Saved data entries

+-------+

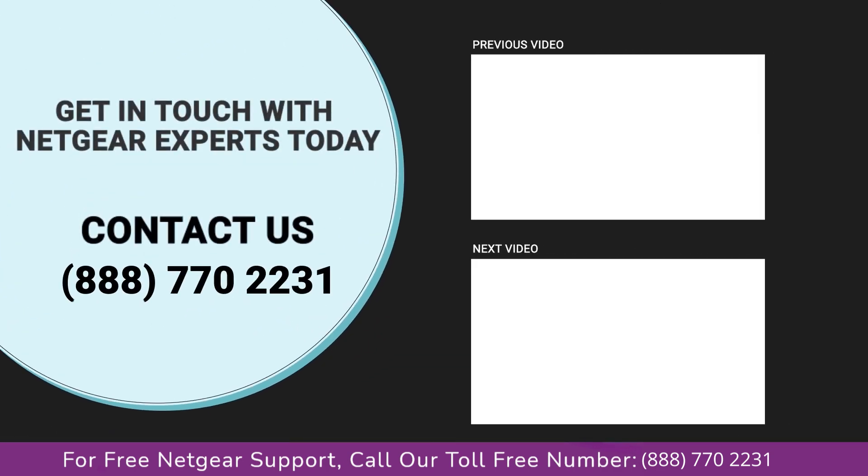Thanks for watching our video. Do not forget to like, share, and comment on the video so that you never miss any video from our channel.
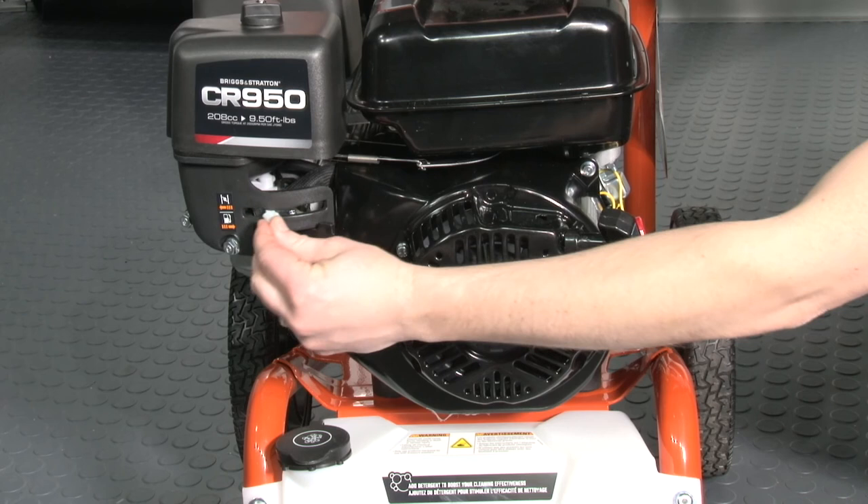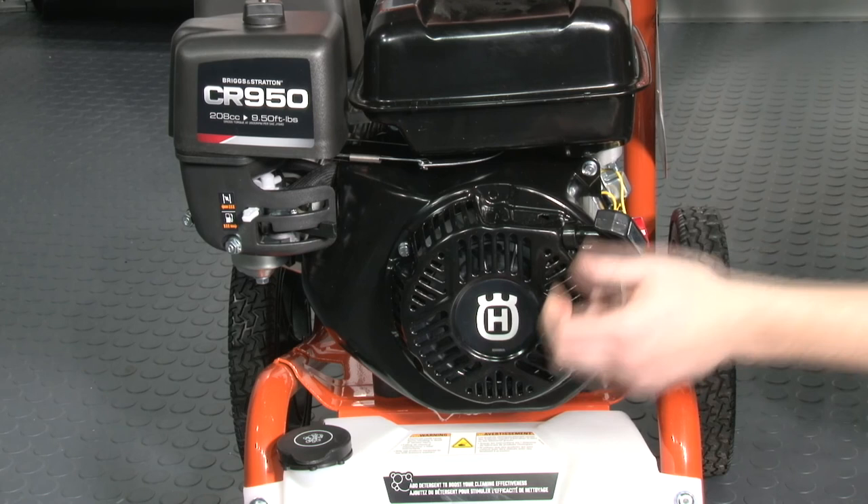If you stop the pressure washer for refueling or to simply take a break, you may need to put the choke back into the closed position or to the left and pull the cord once more. Then move the choke to the open position or to the right and pull the cord again. Your pressure washer should now start.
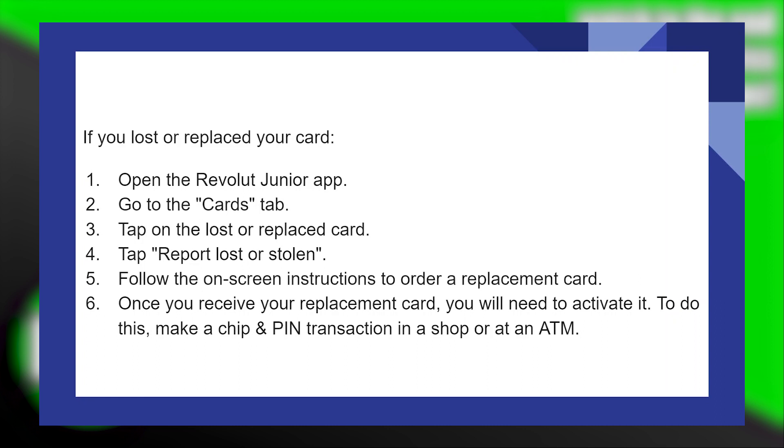Follow the on-screen instructions to order a replacement card. Once you receive your replacement card, you will need to activate it. To do this, make a chip and pin transaction in a shop or an ATM.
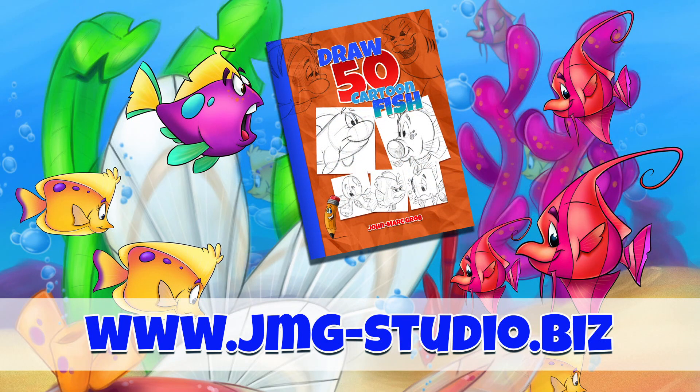If you enjoyed this video, maybe you should take a look at our bookstore and download or purchase How to Draw 50 Different Fish. Bye.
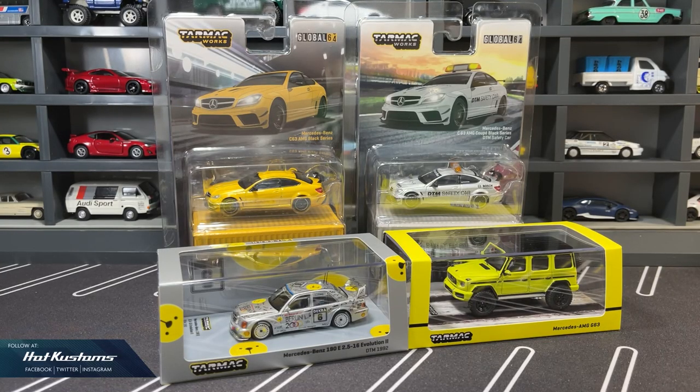All these castings and many other merchandise will be dropping on Tarmac Works' web store tonight for members and tomorrow for the public. You can refer to the link down below in my comment section. Stay tuned for more Tarmac Works unboxing, and remember to like, share, and subscribe to this channel. Thanks everyone, bye!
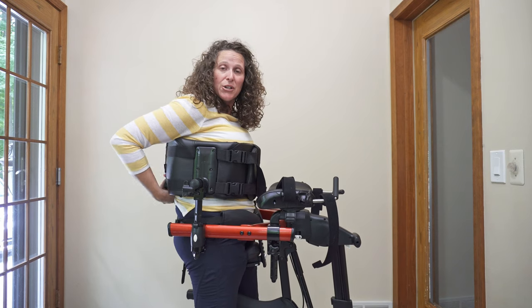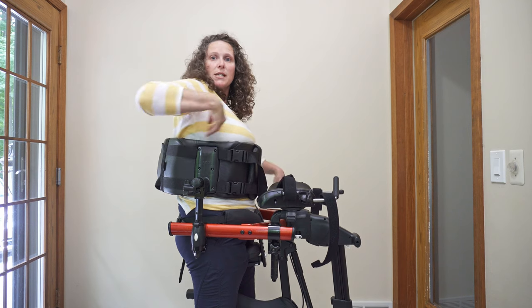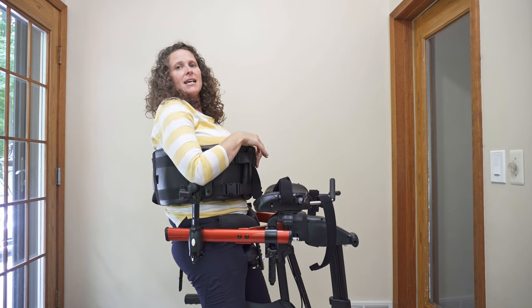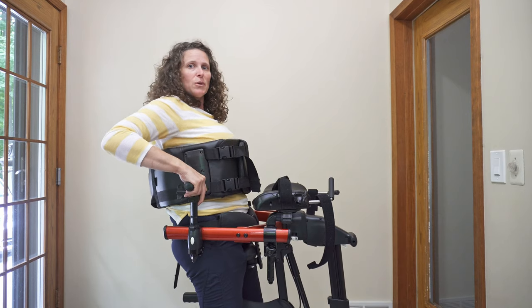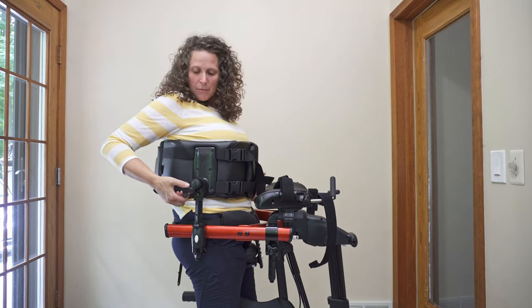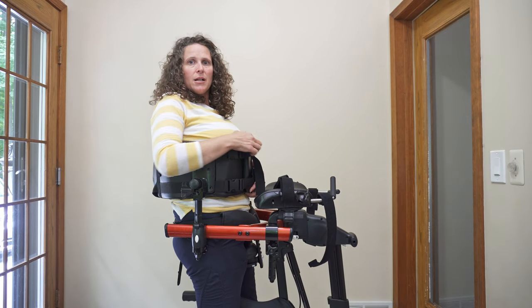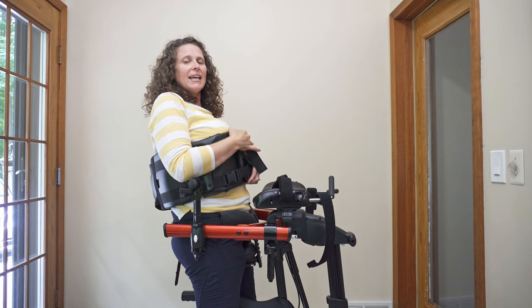Make the back of the chest prompt really loose — what that does is it allows the person to drop back. The angle can also be changed by turning these knobs right here, so as I open up the back I can actually tilt this chest prompt up.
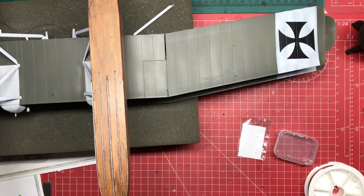Hello and welcome to Model Kit Stuff. Today I've got a how-to video on doing rigging. Anyone that follows my channel knows I've been building a Wingnut Wings Gotha UWD, which has lots of rigging on it, and what I'm going to do today is show you how I go about rigging.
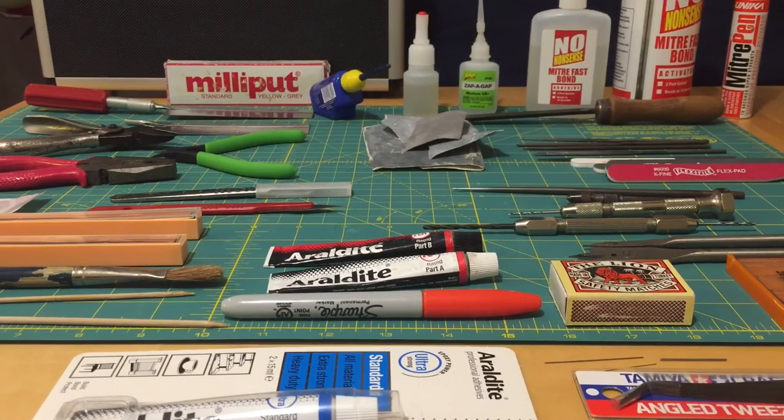There you have it — my tool collection for working on resin models. I hope you found that an interesting discussion and walk-through of what tools I use, why I have them, and the purpose for each. If you have any questions about any of these tools, or suggestions for tools you find really handy, leave them in the comments. Thank you very much for watching — I'll speak to you next time. Goodbye.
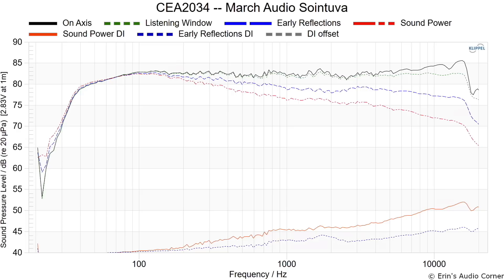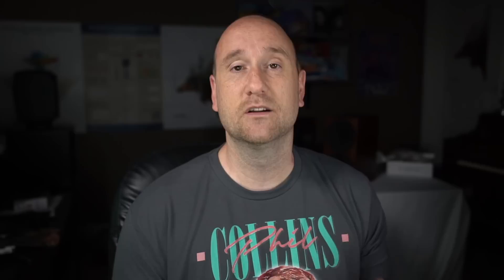Looking at the early reflections directivity index, there's a bump right around the crossover region. That would stand out to most people as potentially problematic. But remember this is due to the vertical separation of the tweeter and the midwoofer below it. If you look at just the horizontal response, there's no indication of this. This is just due to vertical separation and it's much less problematic. You may also notice the sensitivity — it's really low.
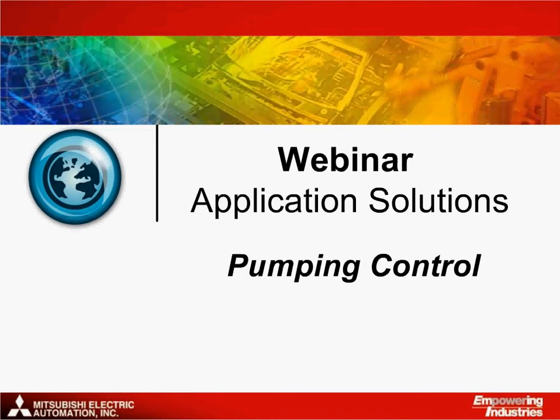Hello and welcome to the Mitsubishi Electric webinars. My name is Greg Hookings and I work within the marketing group here at MEAU. The following application solutions webinar will cover pumping control, where we will take a look at how Mitsubishi Electric's industrial automation products can be used to create a powerful solution.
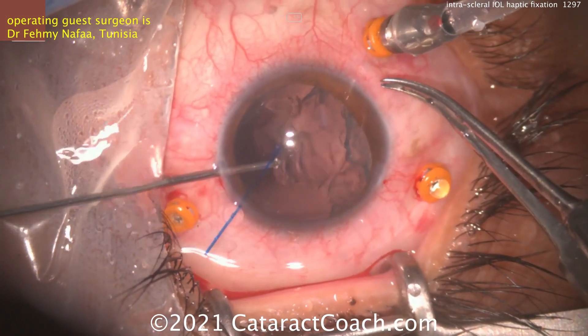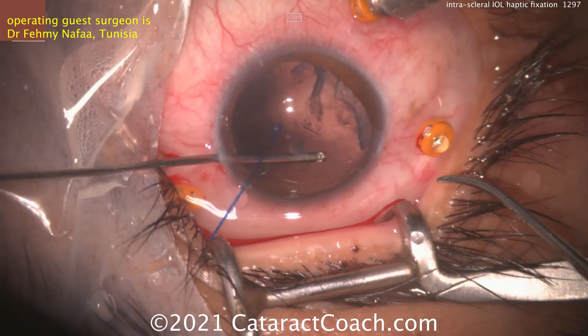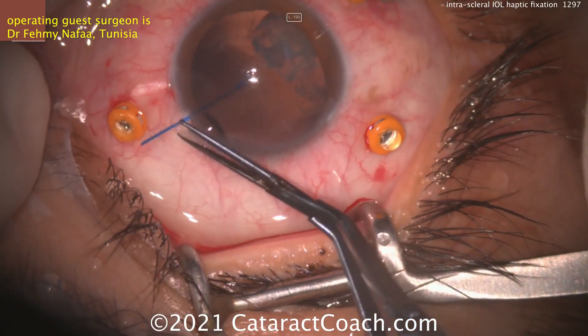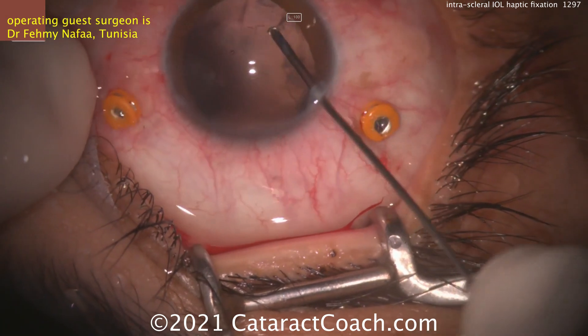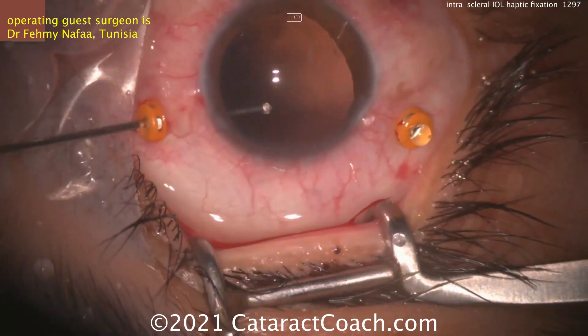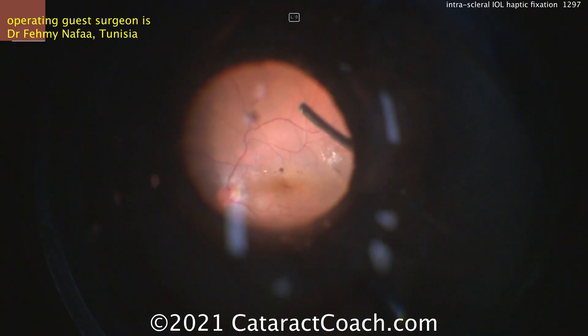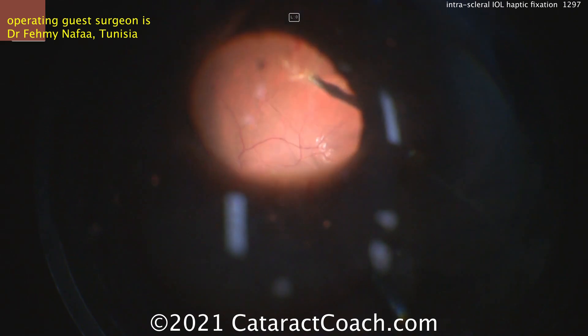For me, I don't perform pars plana vitrectomy, and so I would do this case in combination with a retina specialist and have the retina specialist do the full removal of the lens nucleus. You can see the nucleus is mostly removed, a little bit left — try to clean that up. You're going to need to do a full pars plana vitrectomy in this case. There's the full pars plana vitrectomy — very nicely done. Good to have that expertise.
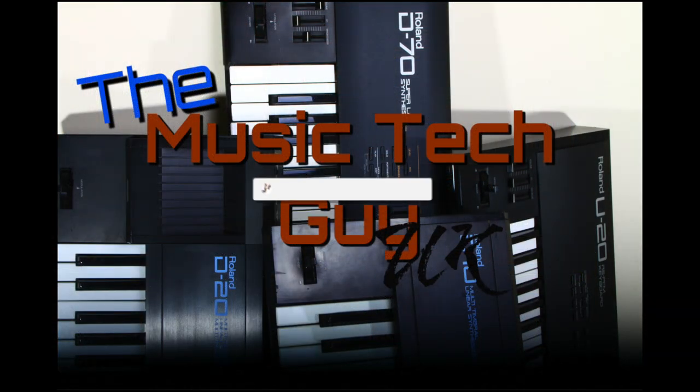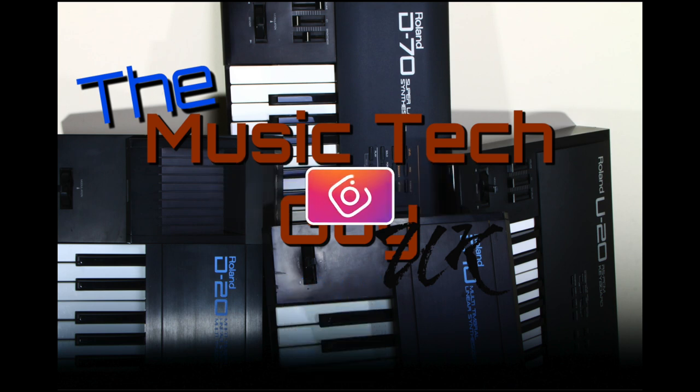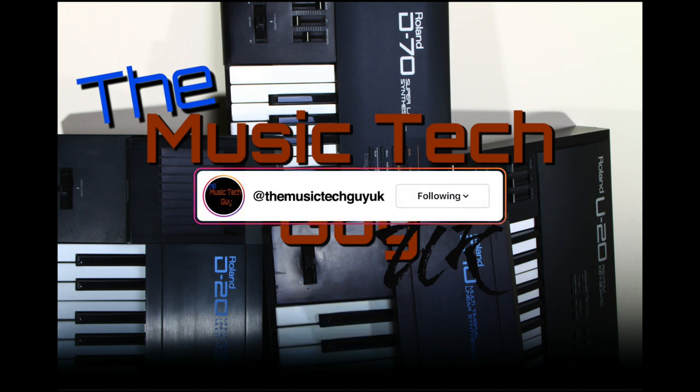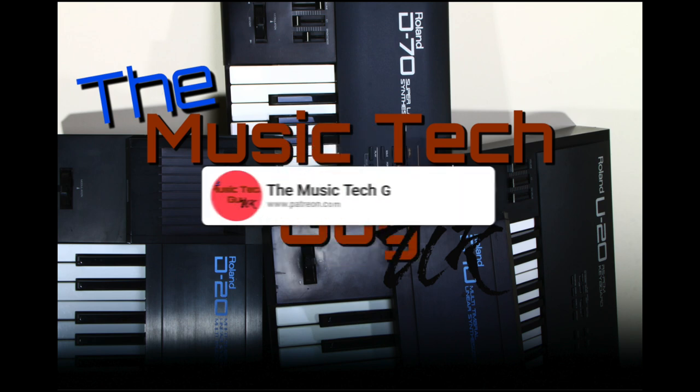Others assume you have some base knowledge. Normally what will happen is I do a summary video that explains how the keyboard works and what it's all about, then I go off and explore other areas in more depth — on the assumption you've watched the first video. Remember: like, comment, subscribe to the channel, follow me on Instagram and Facebook, and consider becoming a Patreon.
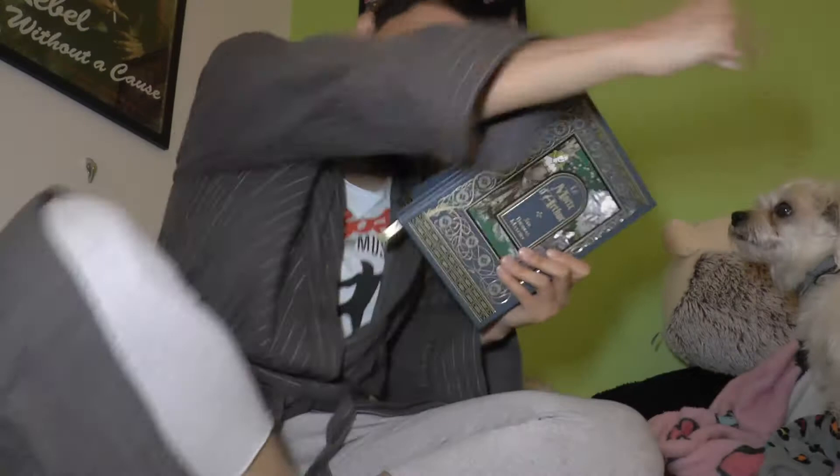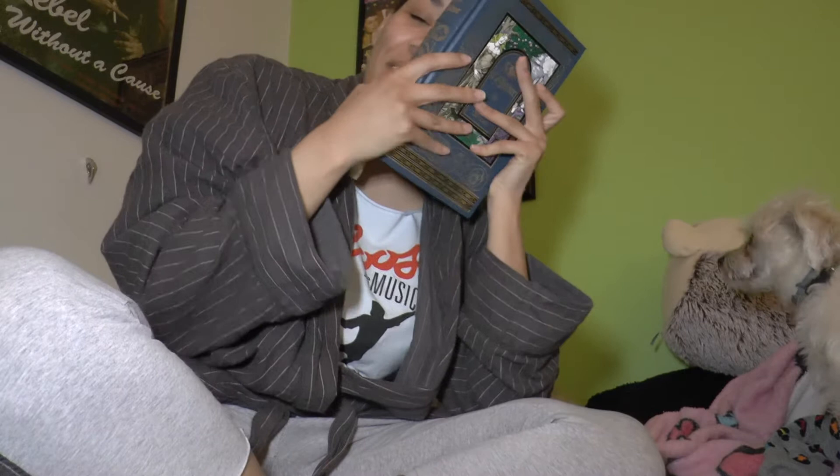I can't believe it. I've been reading it for so long, and after a while it started to feel like I was never going to finish it. And now I'm like, free at last!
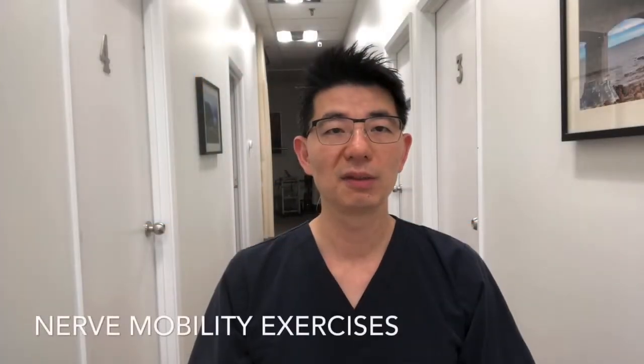I would like to talk about nerve mobility exercises. In general, the nerves in our arms and legs all come from the spine. Sometimes these nerves might get caught. For example, the nerves in my arm go from the neck through my arm down here.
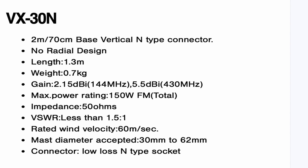The gain on two meters is 2.15 dBi, which is effectively the same as a vertical dipole. On 70cm it's 5.5 dBi, so you've got around 3 dB of gain over a dipole on 70cm.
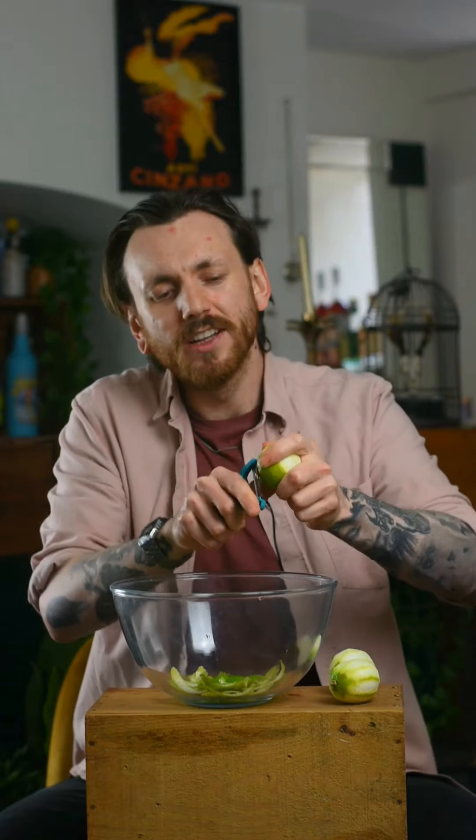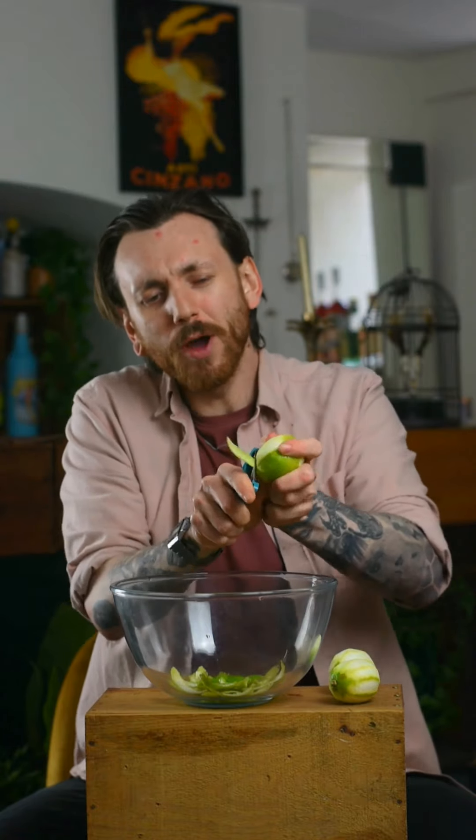Make sure you get unwaxed limes. A lot of citrus fruit you buy from the shop has a wax coating to protect the skin, stop it oxidizing, and keep its color — and you don't want that in your juice. So if you're getting limes from a supermarket, make sure they're either unwaxed or, if they are waxed, give them a good scrubbing to remove that wax. Once you're done, keep your limes — we're going to use those later. This is all about sustainability and saving waste.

+-------+

WHAT IS BEING ASKED
Please print the span that begins at the line holding "For me, I don't" and ends at the last line of the data, both ends included, with no pictures.

TASK ANSWER
For me, I don't perform pars plana vitrectomy, and so I would do this case in combination with a retina specialist and have the retina specialist do the full removal of the lens nucleus. You can see the nucleus is mostly removed, a little bit left — try to clean that up. You're going to need to do a full pars plana vitrectomy in this case. There's the full pars plana vitrectomy — very nicely done. Good to have that expertise.
Others assume you have some base knowledge. Normally what will happen is I do a summary video that explains how the keyboard works and what it's all about, then I go off and explore other areas in more depth — on the assumption you've watched the first video. Remember: like, comment, subscribe to the channel, follow me on Instagram and Facebook, and consider becoming a Patreon.
I can't believe it. I've been reading it for so long, and after a while it started to feel like I was never going to finish it. And now I'm like, free at last!
I would like to talk about nerve mobility exercises. In general, the nerves in our arms and legs all come from the spine. Sometimes these nerves might get caught. For example, the nerves in my arm go from the neck through my arm down here.
The gain on two meters is 2.15 dBi, which is effectively the same as a vertical dipole. On 70cm it's 5.5 dBi, so you've got around 3 dB of gain over a dipole on 70cm.
Make sure you get unwaxed limes. A lot of citrus fruit you buy from the shop has a wax coating to protect the skin, stop it oxidizing, and keep its color — and you don't want that in your juice. So if you're getting limes from a supermarket, make sure they're either unwaxed or, if they are waxed, give them a good scrubbing to remove that wax. Once you're done, keep your limes — we're going to use those later. This is all about sustainability and saving waste.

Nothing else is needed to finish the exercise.